Барбара Вайн - Пятьдесят оттенков темноты
Отец встал из-за стола, не допив чай и оставив второй тост точно в центре тарелки; «Телеграф» был сложен и лежал с тщательно выровненными по углу стола краями. Ни слова матери или мне. Он поднялся на второй этаж, потом спустился, и мы услышали, как за ним закрывается входная дверь. Я подумала, что отец пойдет по зеленым улицам, отклоняясь от прямого маршрута, превращая полмили до станции в две мили, прячась от времени в тех местах, где нет часов. Именно тогда я заметила, что отец оставил свои часы на столе. Взяла газету, а под ней оказались часы.
— Мы должны куда-нибудь переехать, — сказала я.

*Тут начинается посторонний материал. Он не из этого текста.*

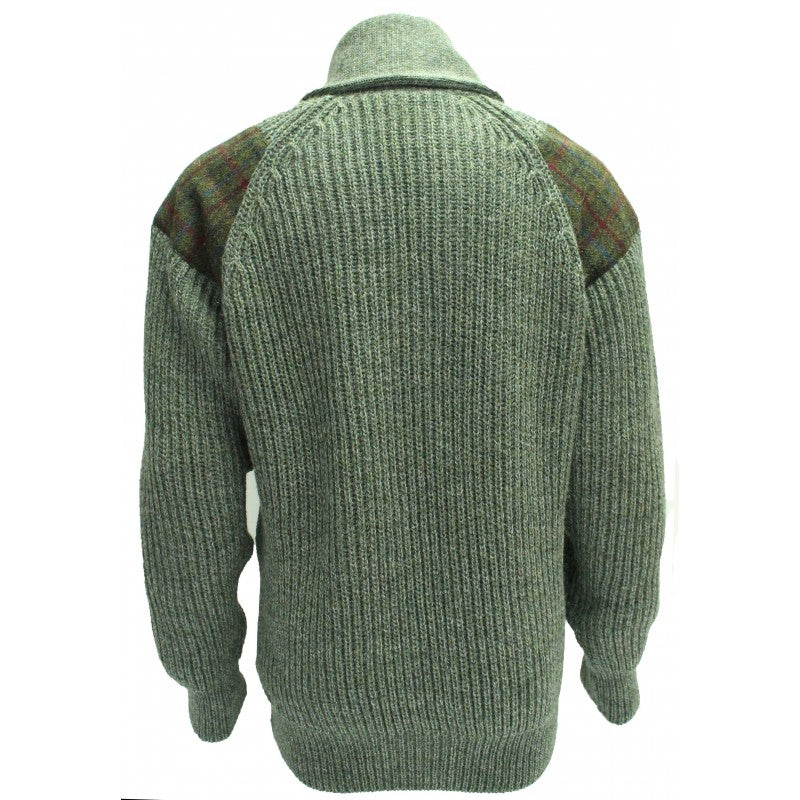 Byreman Chunky Knit Shawl Collar Sweater - Harris Tweed Patches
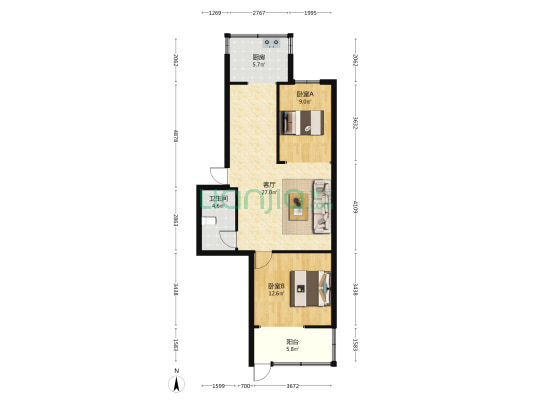 人民路153号院 2室1厅1卫 77平方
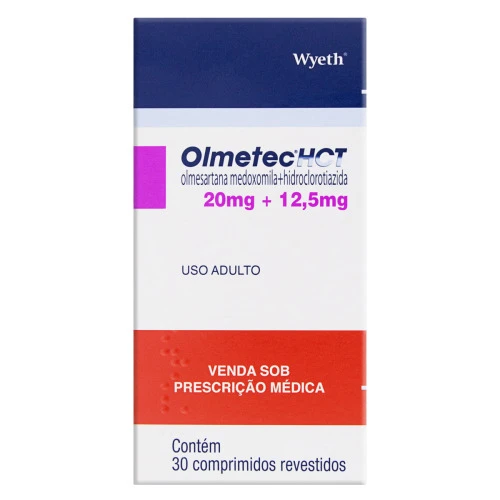 OLMETEC HCT OLMESARTANA MEDOXOMILA 20MG HIDROCLOROTIAZIDA 12 5MG WYETH CAIXA 30 COMPRIMIDOS REVESTIDOS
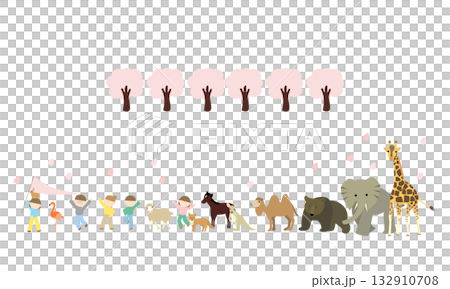 春の子供と動物たちが仲良く並んでいるイラスト 132910708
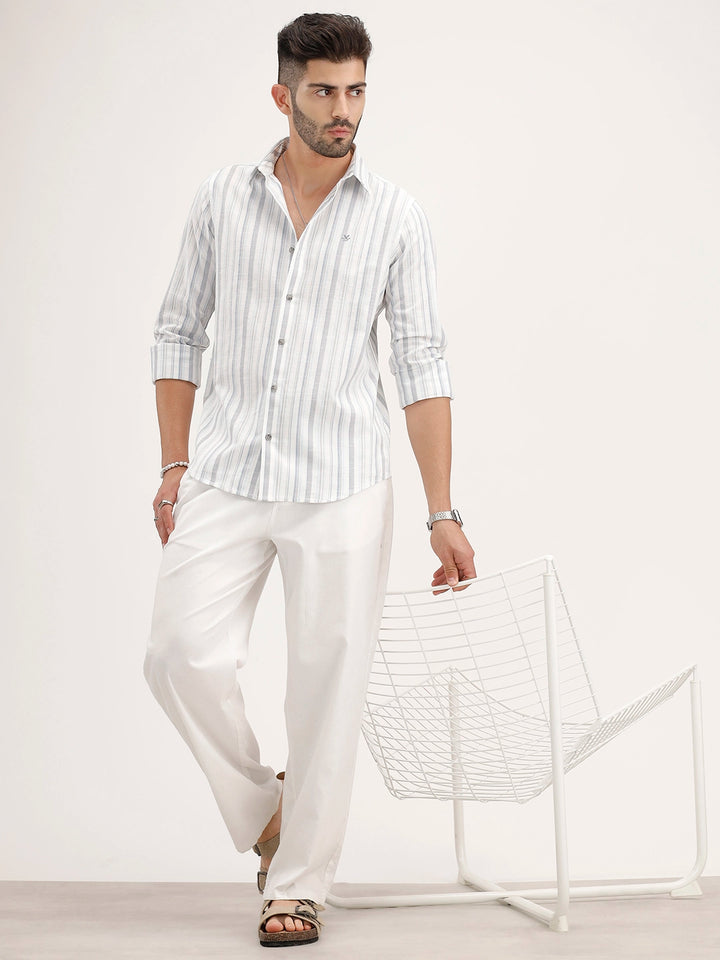 Classic Slim Fit Striped Shirt | Blue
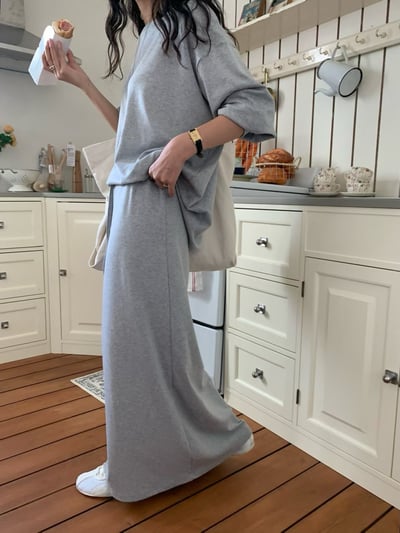 內磨毛可斜肩Ｔ+鬆緊落地磨毛長裙SET(可拆買）1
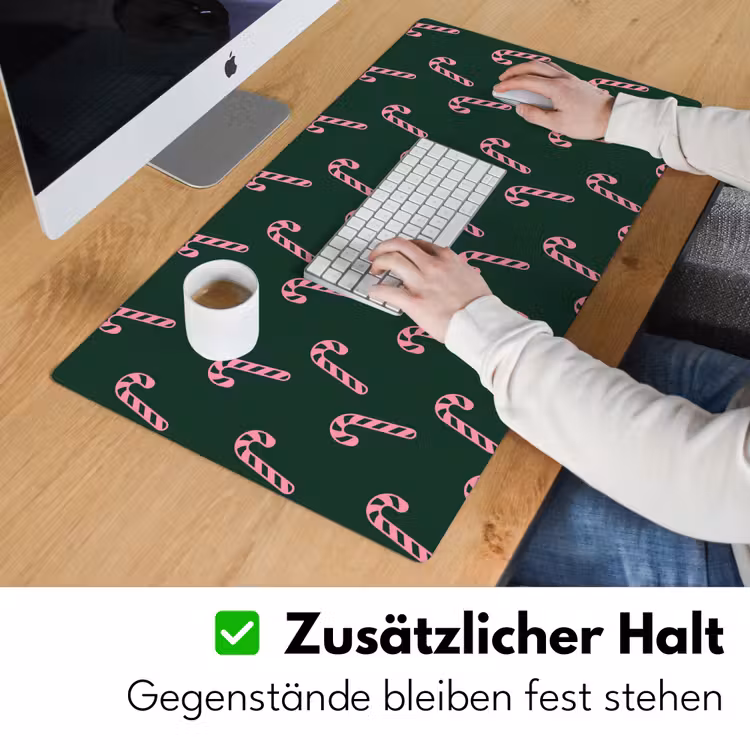 Schreibtischunterlage - Weihnachten – Rosa – Grün – Zuckerstange — 3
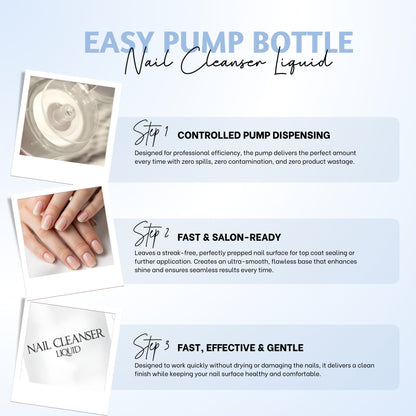 Nail Cleanser Liquid – Multi-Purpose Nail Prep Solution for Dust, Oil & Moisture Removal, Enhances Nail Polish Adhesion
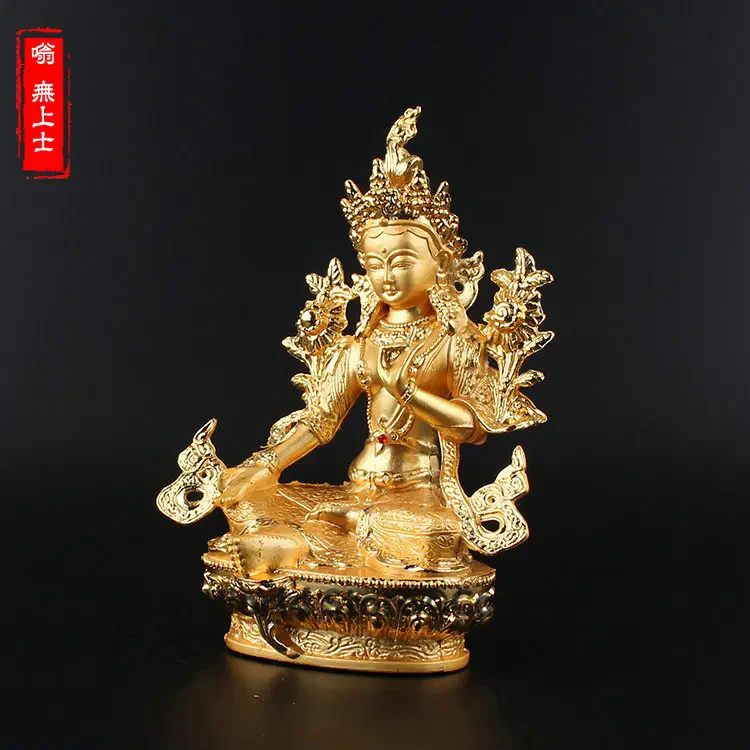 14 CM # Greco-Buddhist HOME OFFICE Talisman efficacious House Protection # Tibetan Green Tara Gilding Buddha statue-free ship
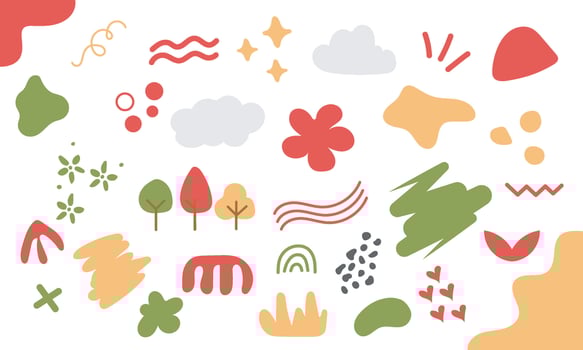 hand drawan abstract pattern set vector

— Зачем? — с жаром возразила мать. — Она сюда почти не приходила. Неужели из-за нее мы должны уезжать?
— Наверное, не должны.
Я задумалась, на каких часах правильное время: настенных, показывавших без пяти восемь, или наручных часах отца, на которых было без трех минут. Мои часы остались наверху. В такие моменты время течет очень медленно. Казалось, ожидание продлится века. Мать составила посуду на поднос и отнесла на кухню — нарочито громко стуча чашками, как бы желая показать, что ни в чем не виновата. Невинная, она попала в эту семью после замужества, не подозревая ни о чем. Другое дело я — во мне текла их кровь.

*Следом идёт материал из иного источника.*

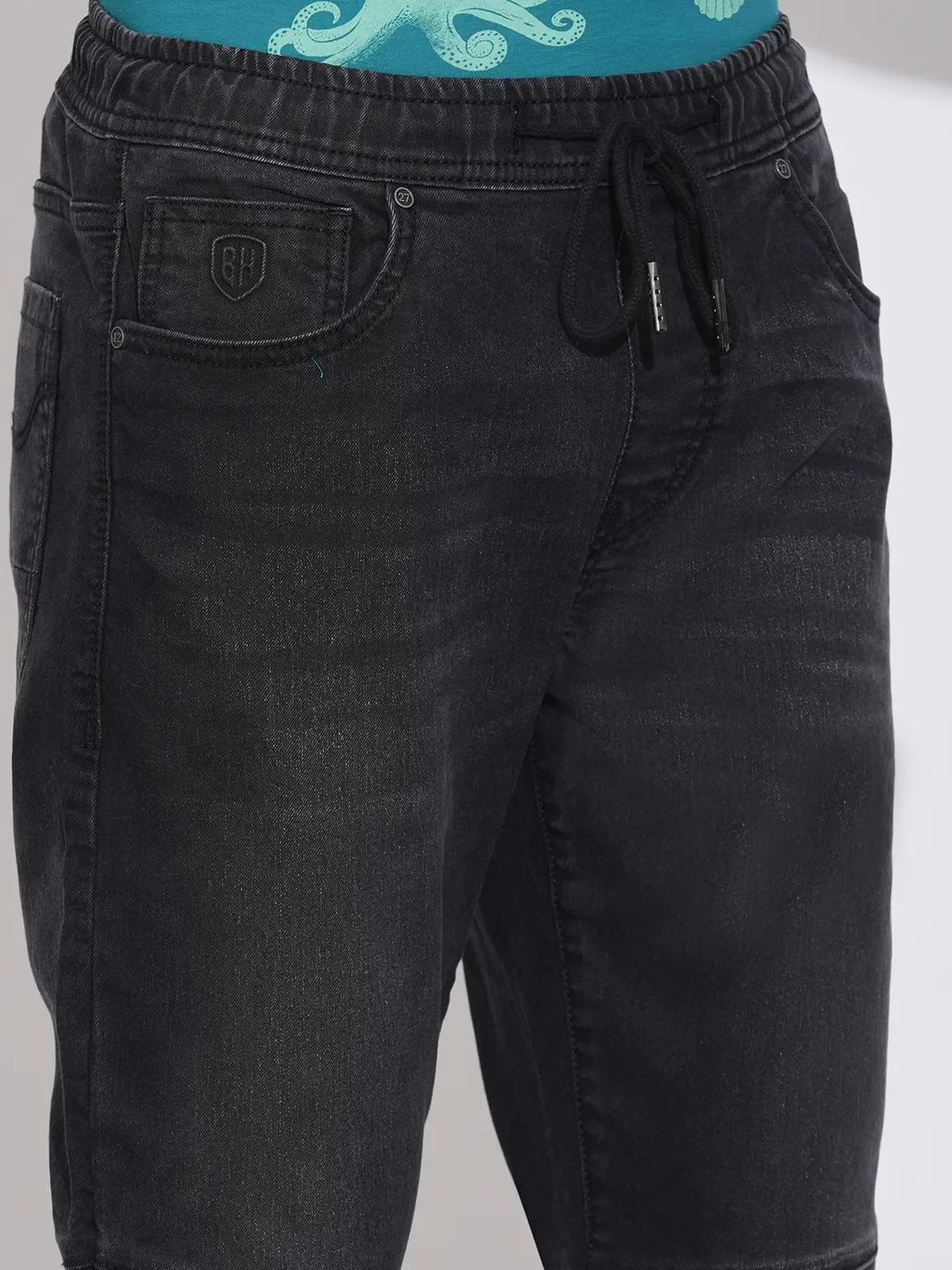Black Slim Fit Joggers For Men By Being Human Clothing - Image 5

Я пошла наверх. Мои часы лежали на прикроватном столике. Новенькие — подарок родителей к окончанию колледжа. Тот факт, что из-за всех этих событий оценки оказались ниже ожидаемых, никак не комментировался. Циферблат часов был маленьким, не больше россыпи крошечных бриллиантов на моем обручальном кольце, лежавшем рядом, и чтобы рассмотреть положение стрелок, нужно было поднести часы к глазам. Я думала, что сегодня рухнут небеса или раздастся оглушительный удар грома — природа просто не может остаться равнодушной. Ничего не произошло. Только птицы перестали петь, но в это время так бывает всегда: территориальные претензии предъявлены, деревья заняты, и пора приступать к дневным делам. А чем сегодня заняться мне? Я подумала, что одну вещь сделаю точно. Позвоню Хелен, поговорю с ней. Это символично для моего отношения к помолвке и к будущему браку — за утешением я бросилась именно к Хелен, а не к мужчине, который подарил мне кольцо с россыпью бриллиантов размером с циферблат часов.

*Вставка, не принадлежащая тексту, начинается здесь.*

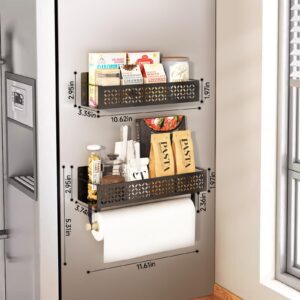 JAILOG 2 Pack Magnetic Spice Rack for Refrigerator with Upgraded Paper Towel Holder，Moveable Magnetic Shelf Fridge Organizer for Kitchen Organizer Storage (Black)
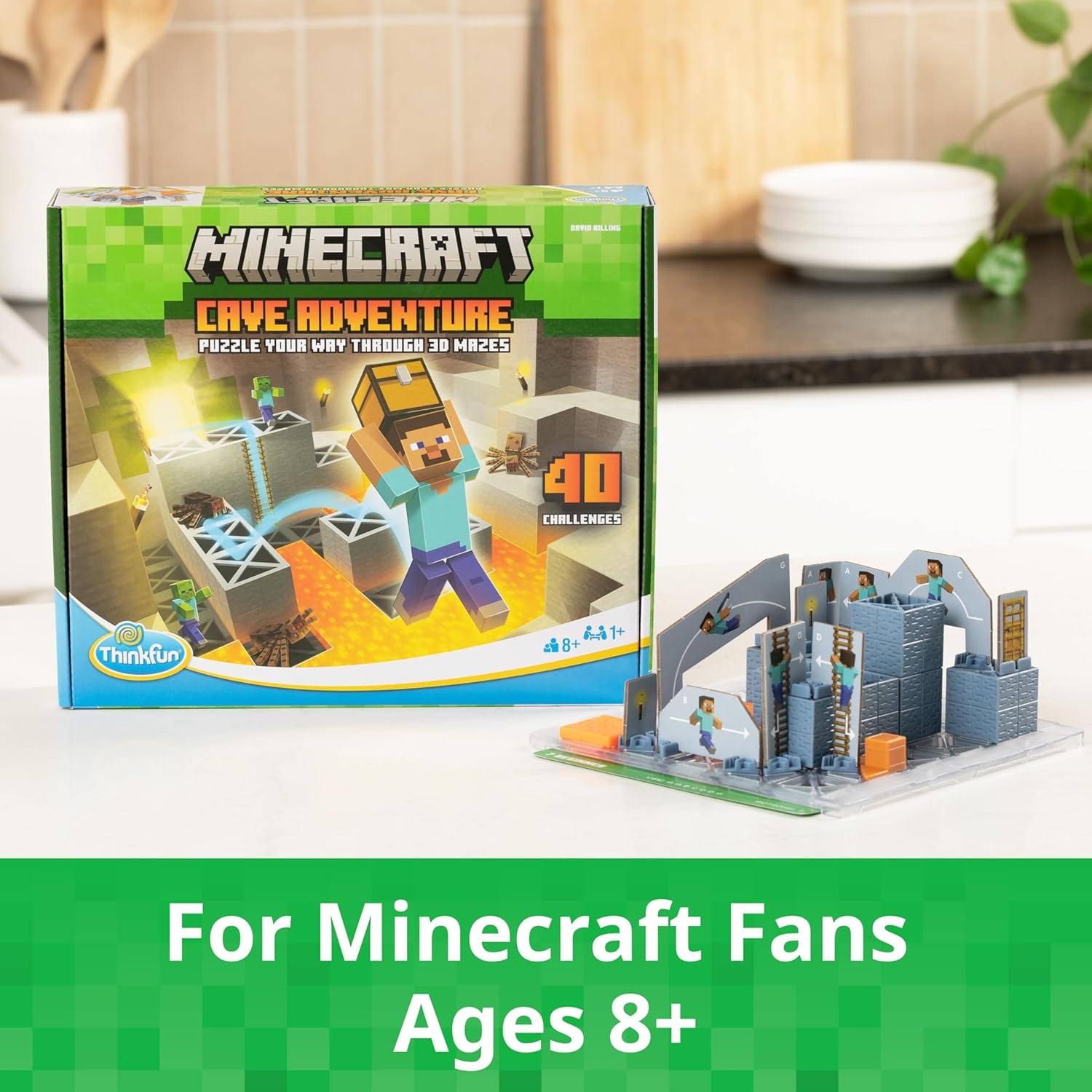 imageThinkFun Minecraft Cave Adventure ScreenFree Strategy Puzzle Game 40 Logic Challenges Ages 8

Я двинулась к прикроватному столику — напряженно, тщательно следя за своими движениями, словно плохая актриса в любительском спектакле. Режиссер непременно разозлился бы и заставил повторить действие: вернуться к двери и подойти снова. Я сама едва не попятилась, лишь бы не видеть время. Но пересилила себя, взяла часы, поднесла циферблат к глазам и почувствовала, как будто проваливаюсь в пустоту: я пропустила момент. Все уже кончено, и она мертва. Стрелки часов показывали пять минут девятого.
Единственный вид смерти, которую можно предсказать с точностью до минуты, смерти, заставляющей…
…задыхаясь, заплясатьВ петле над пустотой.[3]
2
За прошедшие тридцать пять лет я трижды видела ее имя в прессе. Один раз в заголовке газетной статьи из серии, посвященной женщинам, которые были повешены в Англии в этом столетии. Я ехала в вагоне метро и искоса поглядывала на страницу таблоида в руках сидевшего рядом мужчины. Буквы, складывающие ее имя, — жирные, черные, прямые — бросились мне в глаза, заставив вздрогнуть. На следующей станции я вышла. Конечно, мне очень хотелось увидеть вечернюю газету — тогда это была «Стар», — но я боялась, и страх победил. Еще раньше имя Веры появилось в «Таймс», когда в стране широко обсуждалась отмена смертной казни. Один из депутатов упомянул о ней во время дискуссии, и это попало в отчет о заседании парламента. Но в первый раз я увидела ее имя в библиотеке.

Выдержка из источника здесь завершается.